▶ ASSIGNMENT: The answer must be only the lines below from the one holding "Costway Kitchen Island" down to the one holding "Pendentif médaille colombe, plaqué", ends included, printed exactly; please omit all pictures.

▶ EXCERPTED DATA:

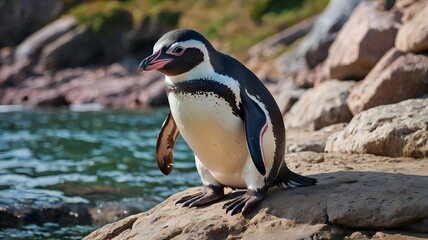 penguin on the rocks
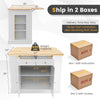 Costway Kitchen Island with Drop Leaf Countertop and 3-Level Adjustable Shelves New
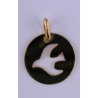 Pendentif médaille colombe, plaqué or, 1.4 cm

--

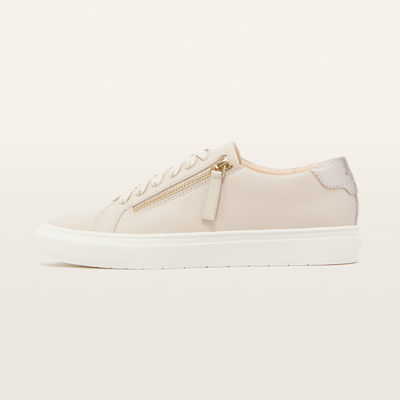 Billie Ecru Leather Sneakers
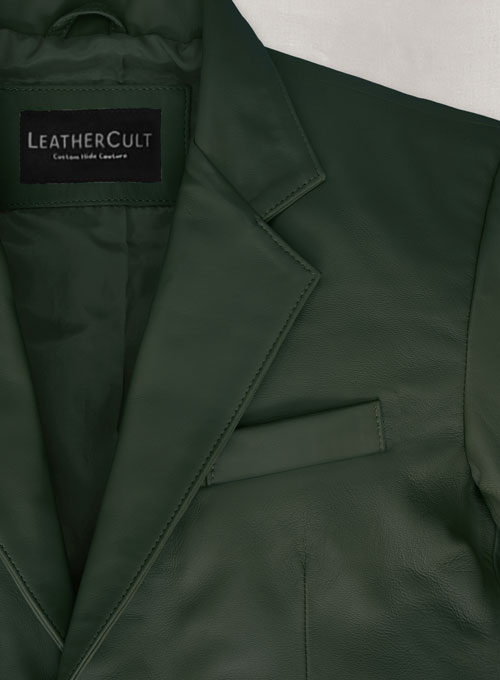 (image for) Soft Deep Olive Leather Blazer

▶ ANSWER TO THIS TASK:
 Costway Kitchen Island with Drop Leaf Countertop and 3-Level Adjustable Shelves New
 Pendentif médaille colombe, plaqué or, 1.4 cm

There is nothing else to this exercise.